The police led the kid into a room for questioning. There was shouting. At one point an officer brought in a gas mask, another a rubber strap. I don’t know what happened behind that door, and I don’t want to know.

At 4 o’clock in the morning, my bicycle and bags were brought into the station. I gave the nearest officer a koala hug and tried to explain, with teary eyes, how much that stupid hunk of steel means to me.

The thieves were lined up. I walked past them as I left, but I didn’t look up. I don’t want to remember their faces.

Mike on Bike with Shukarov family near Tashkent, Uzbekistan.

Safe and sound with my hosts

I doubt they will ever forget mine.

I spent the rest of the night at a sergeant’s home.  His wife served us a pre-dawn meal, and in the morning his kids grinned as they poured me cup after cup of coffee. The officer even gave me a new set of clothes – a frumpy tribute to Neil Diamond’s denim days, but comfortable all the same.
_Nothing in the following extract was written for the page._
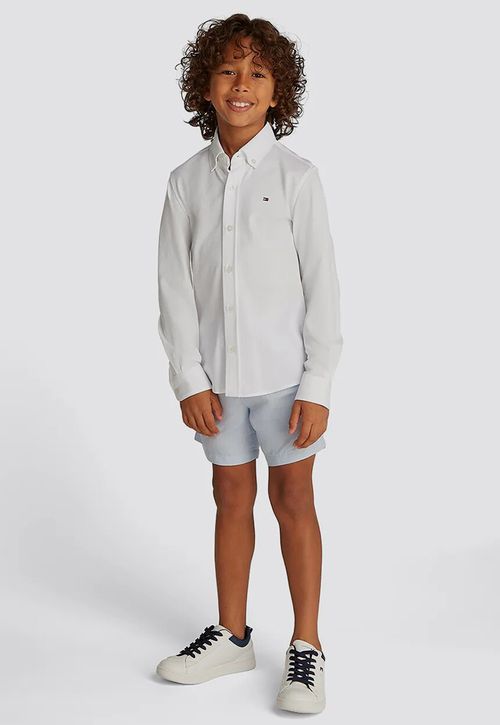 Camisa Piqué Regular Fit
Later, at the police station, I was given a free lunch. Then another. An officer was sent to the pharmacy to replace the medicine I’d lost. And when it was finally time to leave, the cops stuffed my bike into a car and delivered me to the door of a hotel in Tashkent.
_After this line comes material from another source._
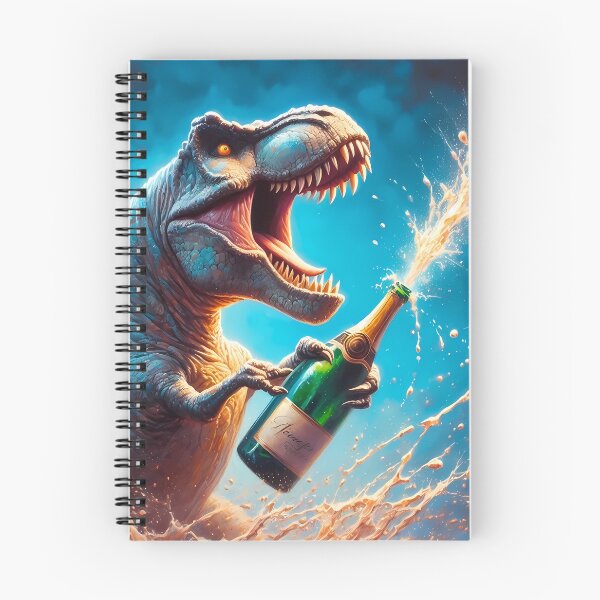 Item preview, Prehistoric Party T-Rex designed and sold by TrexAmbassador.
There I slept for nearly two straight days. Now I feel stronger, much wiser, and I’m ready to continue down the road.

I have a 30-day visa for Kazakhstan. After I get my Chinese stamp this evening I won’t need to visit another embassy for a long time.

I’m glad. These past months have been very intense. Sometimes I long for my favorite faces and the old days back home. With six beers and a full moon we’d bike to the rail bridge and never see a shadow.  It was simple and silly and nobody tried to make sense of it.

That’s why I loved it.


16 responses to “Here a Stan, there a Stan

  1. So glad you are safe, Mike. I cried today thinking of you and your adventure…Not sadness, just emotion; emotion your journey accounts evoke in me. Je me souviens, je me souviens.
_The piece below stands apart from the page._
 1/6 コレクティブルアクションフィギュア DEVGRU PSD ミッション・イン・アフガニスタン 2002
  2. Holy crap Mike! Thank God you are ok, and that they were even able to get your bike and gear back. Please take care, ok? Love Lis

  3. reading this one mostly I said holy shit! and then reading Marc and Shawn’s comments I too have tears. be safe buddy.

  4. “I was surrounded by a language
    In which I could say only hello
    And thank you very much
    But you spoke so I could understand
    And I drew a treasure map on your hand

    The map led to an island
    In a sea of store-bought dreams
    Where soulless singers sang
    Over beats built by machines

    And lovely girls were hovering
    Above my head like gulls
    With their long slender necks
    And their delicate skulls

    And the traffic was hissing by
    And I was homesick
    And I was high”

    — A. DiFranco

  5. Reading this a bit late, but commenting nonetheless. I’m glad you’re finding good people in the world, Mike, and sharing with us their existence.

    Stay safe.

  6. Hi Mike.
    How are you? everything is ok?
    Where are you? away from the internet!
    I missed you so much.

    take care.

  7. Hi there, I am a teacher from Major School, “Saskatchewant”. A colleague of mine shared this article of you with me, and I shared it with my grade 7/8 class. We are intrigued and amazed at where you have all been, what you have seen and accomplished. I hope you find peace in your continued journey, we will sontinue to follow your blog. There was an awesome class discussion on stero-typing that you addressed in a postive way in the article. Thank yo foryour humour and good luck!!!


  8. Hello Sir,

    I came acroos your site via the Travelling Two link. I have to say I read a lot of tourists saying similar things about Iran: that we in the West are fed to and do believe their people bad/terrorists/haters of the West etc. As I have never been to Canada I wonder are these misconceptions truly propagated/held there? I am from England and everybody I know is well aware that it is the government and their various branches that are ‘the enemy’ so to speak, rather than the Iranian (and other foreign nations’) people for whom there is great sympathy.

    I truly am astonished if ‘Joe public’ in Canada believe such things. Is this the standard line in your media? Sorry it’s a bit off topic.